Due to the nature of the railway layout at Whitby, some trains direct from Teesside to Scarborough dropped down the hill to Whitby Town, then came back up to reverse, and onwards to Scarborough. At other times, they bypassed Whitby Town, and a shuttle service ran between the two Whitby stations. This kept Prospect Hill Junction signal box busy. One of the curiosities of Prospect Hill Junction, was that the rail directions changed over at the junction. Trains leaving Scarborough going north, were deemed to be going down, but when they reached Prospect Hill Junction, the direction changed to up, as was the eventual, and larger destination. This process also ran in a vice-versa format for southbound trains. The problems of trains having to reverse was partly alleviated in 1955, when a new regulation was introduced which allowed trains of two carriages to be propelled up the connecting line between Whitby Town and West Cliff. The train was only allowed to proceed at 10 mph, but it removed the necessity for the locomotive to run around at either location. The crossing loop at Prospect Hill could accommodate a steam engine, brake van and 14 standard wagons.

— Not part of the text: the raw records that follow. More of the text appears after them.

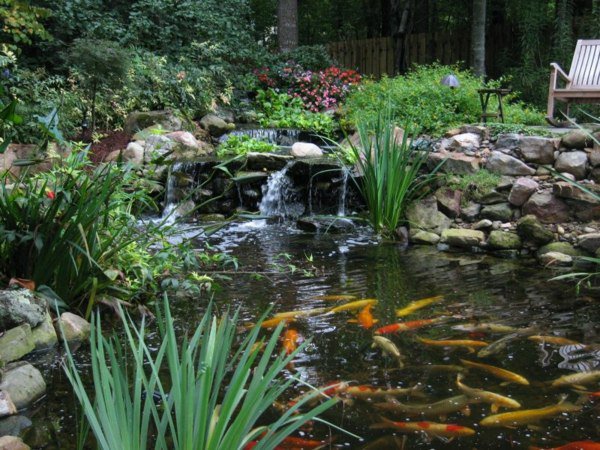 pond-planting-ideas-78_9 Идеи за засаждане на езерце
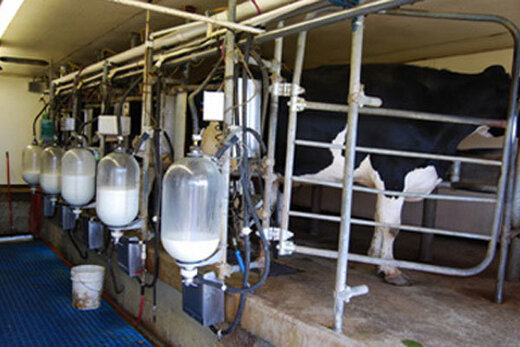 تولید ۱۶۹ هزار تن شیرخام در استان البرز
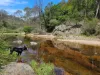 50 Omaru Lane, Bald Hills, NSW 2549-Image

Whilst services to via Loftus were withdrawn in May 1958, (closing the line north of West Cliff railway station), the line remained open beyond Prospect Hill Junction to West Cliff station until June 1961. Thereafter, services between Scarborough and Whitby Town reversed at Prospect Hill until March 1965, when the last passenger train used the junction. The line between Haswker and Prospect Hill was not removed until 1973; the 2+3/4 mi section was left in-situ for the proposed potash traffic, which never happened as mining was centred at Boulby further up the coast. However, the signal box was subject to vandalism, and was destroyed by fire in 1971. The route through Prospect Hill has been converted into a walking, cycling and bridle trail, part of the Cinder Track across Larpool Viaduct as well as National Cycle Network route 1, and also down the hill on the Prospect Hill line towards, but not arriving at, Bog Hall.

==Accidents==
On 29 December 1920, a locomotive was working a goods train from Scarborough to Whitby and after running around its single van, it left to go down the hill towards Whitby Town. The signaller noticed the van had been left behind, so motioned to the driver to come to a halt, which he did. However, gravity allowed the van to move down the grade and to crashed into the rear of the stationary locomotive and the shattering glass cut the guard's face.

In August 1937, a J39 locomotive derailed at the junction. The train was working northwards from Scarborough, when the weight of the locomotive caused the track to spread, derailing the train. There were no reported casualties or injuries, however, this saw the class banned from the Yorkshire coastal lines because of its weight.